◆ What to work on ◆
Give the data again exactly, without its images.

─── Dataset content

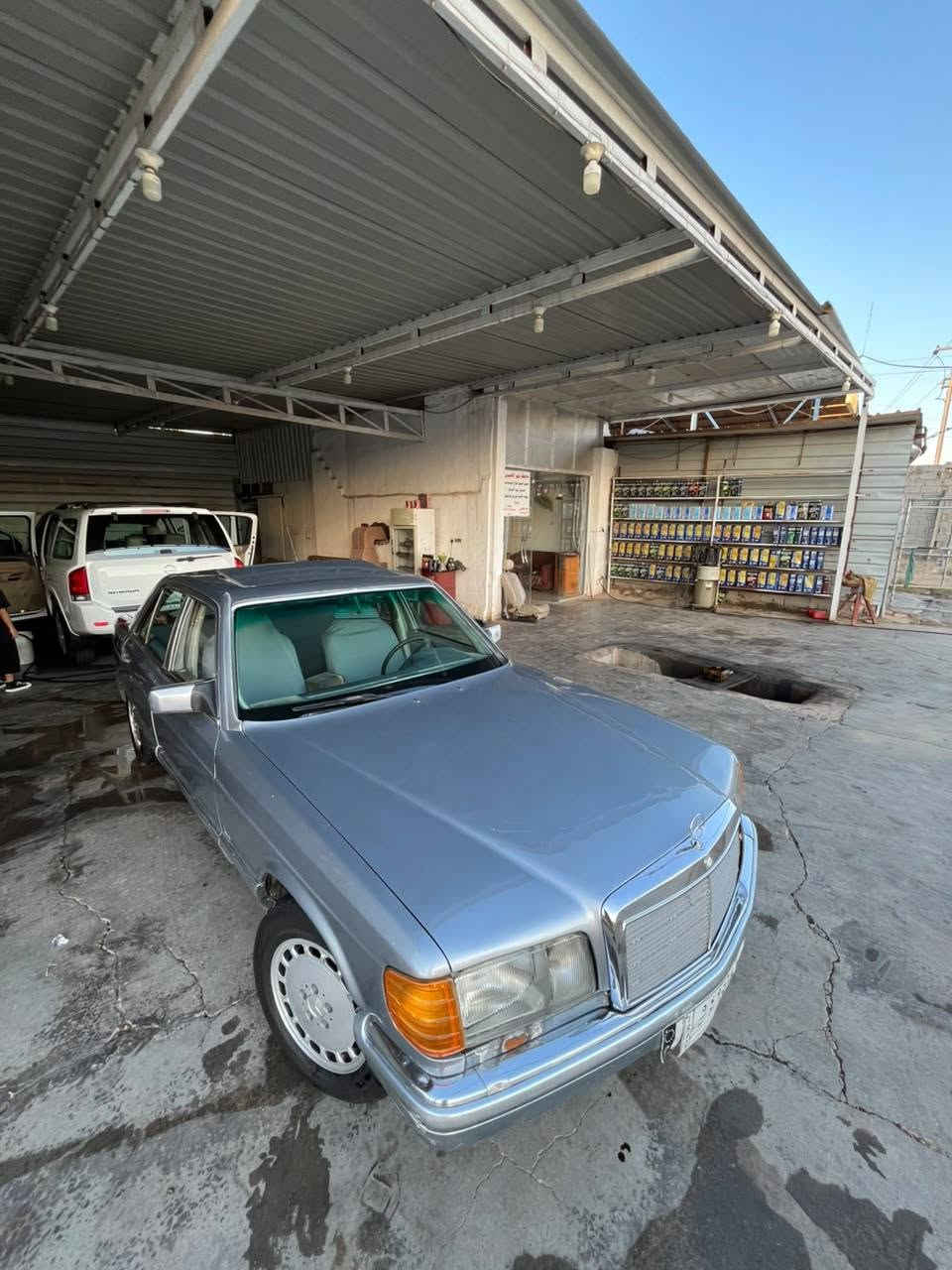 1989
محور 2500 بدون حادث فقط طخه خفيفه بالجاملخ الخلفي جاهزه من كلشي تبريد ويا السويج 
السعر 52 عنواني كربلاء 
***********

──────

◆ Written solution ◆
 1989
محور 2500 بدون حادث فقط طخه خفيفه بالجاملخ الخلفي جاهزه من كلشي تبريد ويا السويج 
السعر 52 عنواني كربلاء 
***********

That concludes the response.